> I've applied for a grant from NVidia so I can fix that. A g2.xlarge is 65c/hou...

syllogism · on Oct 11, 2016

That's honestly no way to get anything done...

Unless you're replicating someone else's thing exactly, You can't really get by with one training process. You want to be trying different things, and running a few samples of each configuration to account for random variation. I'm not even talking about decadent hyper-parameter sweeps to fine-tune. I'm talking like, how wide do I need my layers to be, what optimizers are good, how deep should I make the network, etc.

I want to be training 5-10 models at a time minimum. 20-30 would be much more productive. If I can only train one model at once, it's not really worth the effort — it's better to work on one of the other tickets for the library.

AlexCoventry · on Oct 11, 2016

Sorry, I had the impression from the GP that you were trying to replicate a CPU-based task on a GPU.

samstave · on Oct 11, 2016

Yeah, for OD? thats 468/month...

I'd use a spot instance and stop it whenever possible.

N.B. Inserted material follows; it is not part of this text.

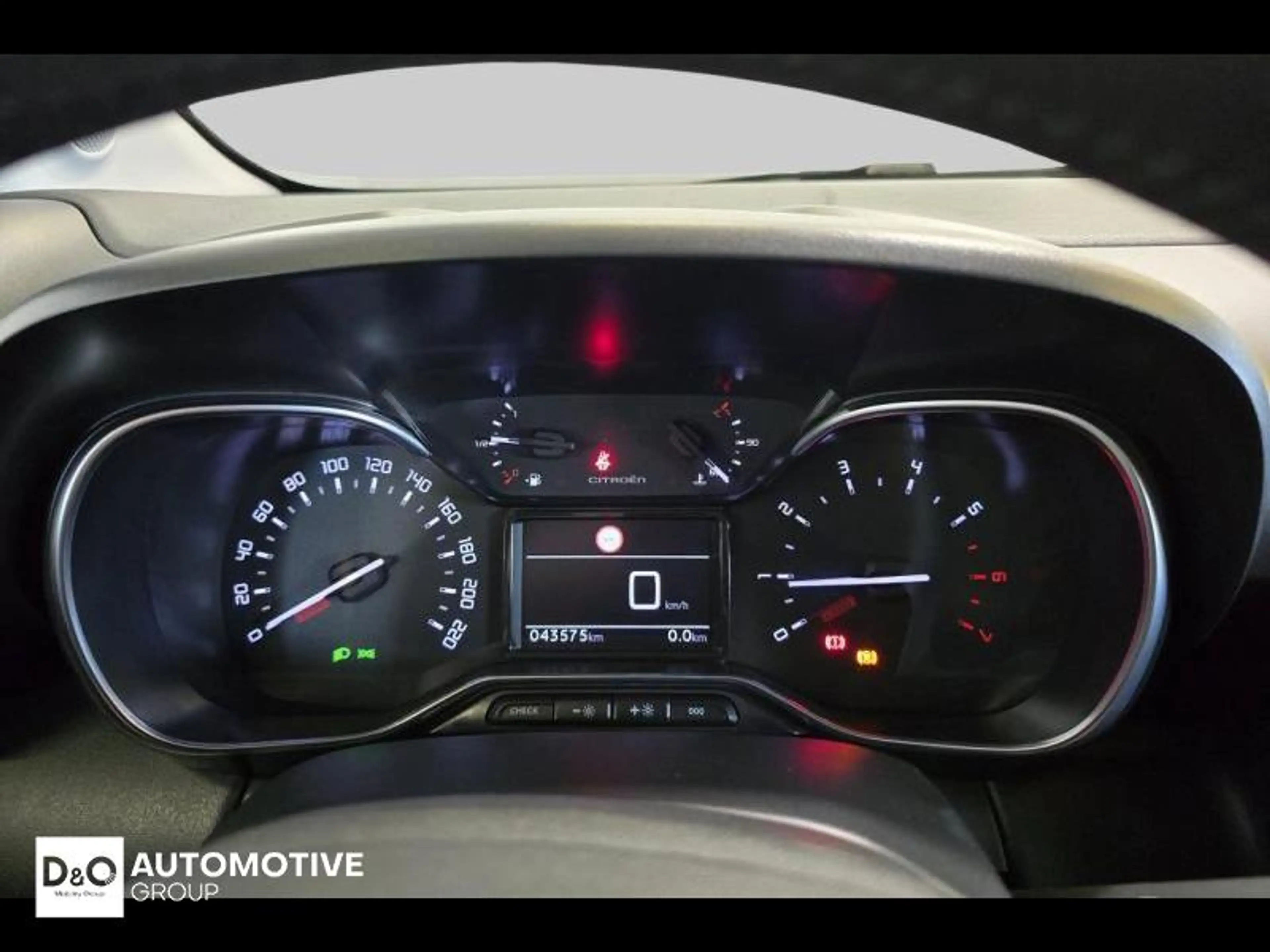Citroen C3 Aircross shine camera gps — photo 11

syllogism · on Oct 11, 2016

Spot instances are pretty painful for training. It's annoying to have the machine randomly shut down.

viksit · on Oct 11, 2016

^ That. For all that people say about spot instances, there's no infrastructure I know if to manage jobs and have them migrate to higher priced instances without losing state.

RBerenguel · on Oct 11, 2016

You can always snapshot and keep track of state as you go (a little bit tricky with Spark, though). We use spot instances for training we know is not vital (as in, has to be done, but rather run it twice and save money anyway that run it for sure). Also, once you know what availability specific instances have you can always choose better (i.e. maybe c3.xlarge is slightly more expensive as spot than large, you can do with large... but xlarge has almost no shutdowns)

pc86 · on Oct 11, 2016

Presumably that's a decent chunk of what the grant is for?